13 novembre 2013

Review: Black Sabbath - 13

 2013


Ritrovo questo disco in un cassetto, incredula di come fosse possibile che l'avessi dimenticato lì!
Stiamo parlando dei Black Sabbath, il gruppo che storicamente si posiziona come capostipite di un genere, l'Heavy Metal, e di molteplici dei suoi sottogeneri.
Proprio a uno di questi fa in particolar modo l'occhiolino questo album di ritorno di Ozzy e compagnia, ovvero a quel Metal che potremmo definire più moderno, proponendo però un prodotto che cerchi di non deludere la pluralità di ascolti che costituiscono il panorama.
Sembrano sentirsi infatti dei richiami a quel tipo di riff che potrebbero benissimo essere stati pensati dal buon Zakk Wylde. Che l'allievo abbia superato il maestro?
Di sicuro non si riscontrano i maniera così invasiva, ma se si tende l'orecchio i maggiori indizi si possono scovare in particolare in Age Of Reason e Methademic, la summa massima tra lo ieri e l'oggi della proposta musicale dei Black Sabbath.
L'aspetto che incontra in ogni caso le aspettative di chi scrive, ma che provoca forse un sorriso, è  il continuo inserimento di riferimenti alle pietre miliari della carriera dei quattro, nemmeno troppo celati. Della serie: "diamo ai nostri fans qualcosa di nuovo, ma non facciamo dimenticare loro chi siamo".
Ascoltate, ad esempio, l'intro di The End Of The Beginning e provate a cantarci sopra le strofe di Black Sabbath; oppure il ritorno del rumore della pioggia con le campane funebri in apertura della già citata Methademic, il che richiama il vecchio pezzo già citato; per non parlare di Zeitgeist che imita il pezzo più imitato dei Sabbath stessi, ovvero Planet Caravan, di cui ripropone esattamente i medesimi schemi.
Il mio fanatismo potrebbe proseguire all'infinito, ma lo disciplino e lo incìto a fermarsi qui. 
A mio parere proprio la componente di modernità è quella che più di tutti lascia straniti, ma è ovvio che sarebbe stata un'aspettativa mediocre il veder riproporre esattamente ciò che le vecchie glorie (concedetemelo) furono ormai più di 40 anni fa.
Complice sicuramente quell'abilità nel sollecitare le pelli che Bill Ward avrebbe potuto portare - avrebbe di sicuro contribuito ad un sound più riconoscibilmente sabbathiano.
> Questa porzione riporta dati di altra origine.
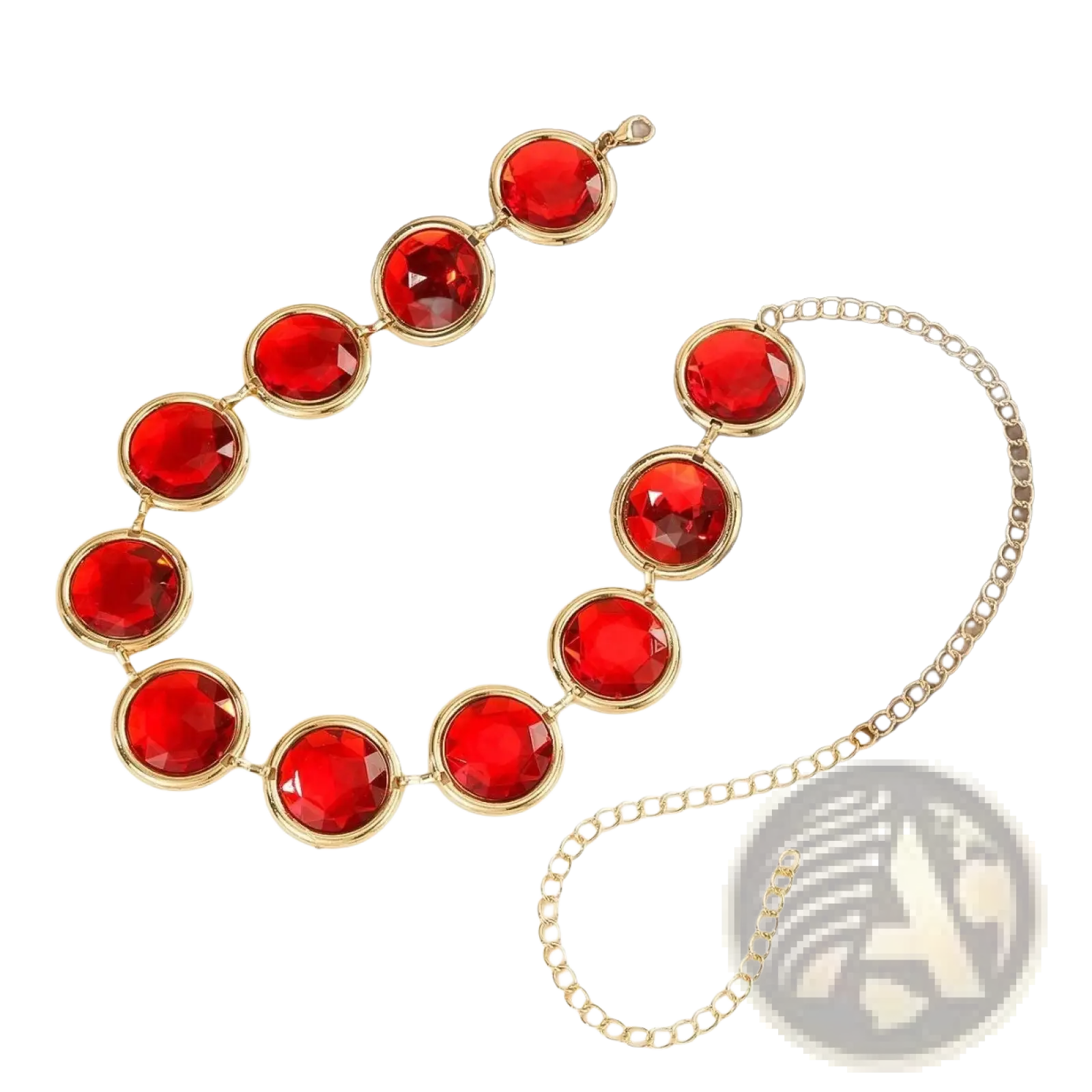 A red crystal waist chain corset belt featuring vibrant red gemstones with gold-toned settings and a delicate chain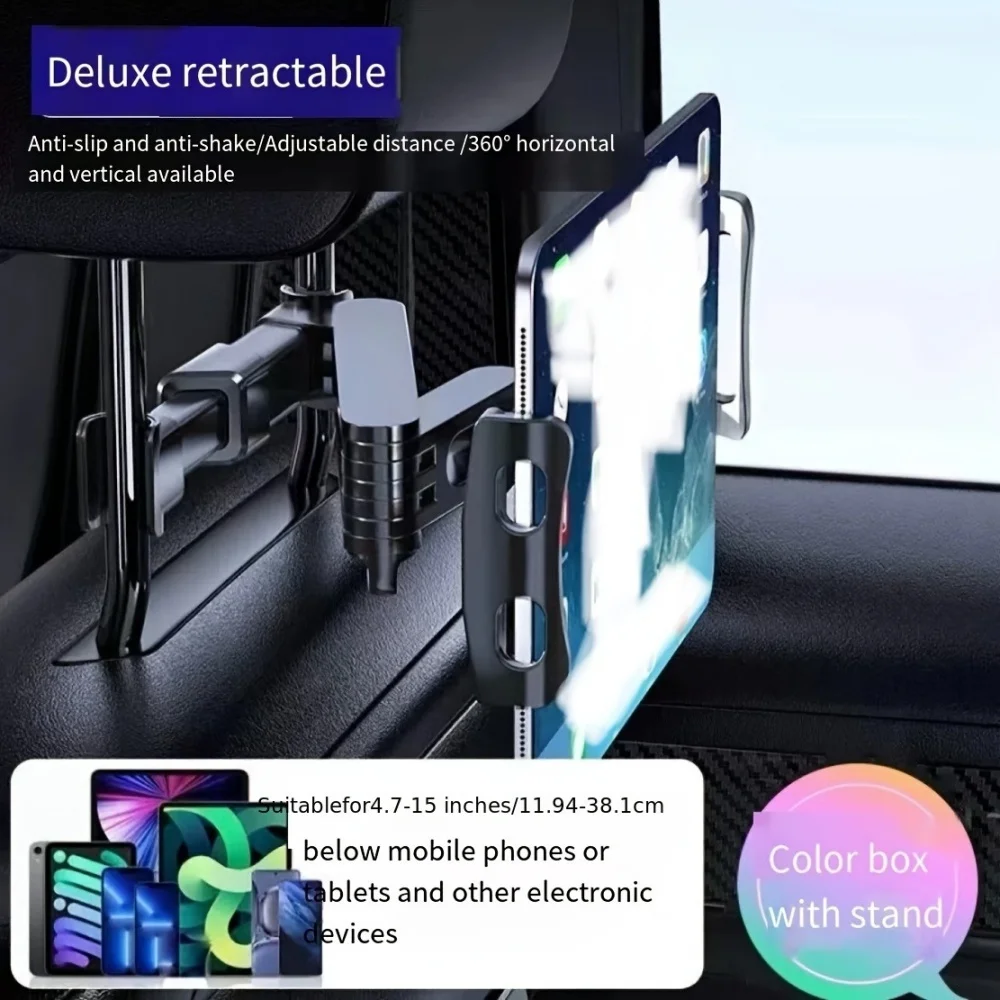 Universal 4-11" Telescopic Car Rear Pillow Phone Tablet Holder Headrest Mount Bracket For iPad Samsung Xiaomi Huawei Travel Kids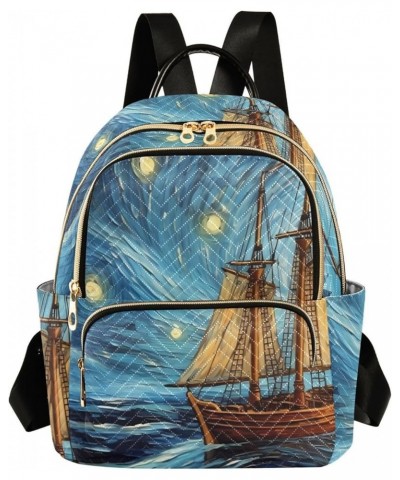 Small Fashion Backpack for Women Starry Night Boat Print Ladies Travel Daypack Aesthetic Shoulder Bag 11.4×6.1×14.1 IN $17.59...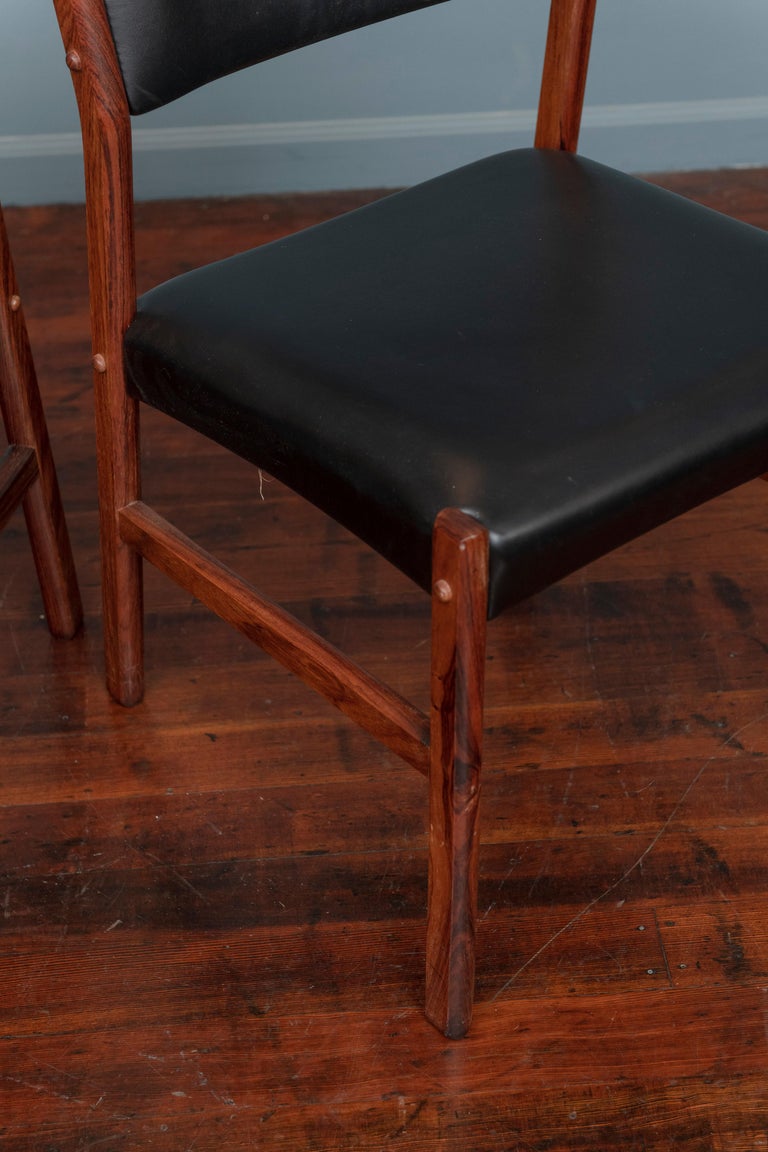 Naugahyde Danish Modern Rosewood Dining Chairs For Sale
Non solo: si sente a mio parere anche la mancanza di quel suono corposo che Geezer Butler sembra aver dismesso insieme al proprio abbigliamento degno dei migliori tendaggi degli anni 70 (ridiamoci su!), senza parlare di quei spettacolari giochi di assoli che scambiava con Tony Iommi e che facevano perdere la mente nei meandri della pentatonica.
Ripeto, però, questo è ciò che furono.
Quello che ci propongono oggi è un album che merita di entrare a pieni voti nella discografia ufficiale dei Sabbath (sulla quale ho tutta una personalissima concezione), un disco con il quale gli inglesi ci ricordano che, nonostante le vicissitudini, il passare del tempo e l'evolversi della musica, i padri di tutto ciò che ascoltiamo e suoniamo oggi in questo ambiente sono indiscutibilmente loro.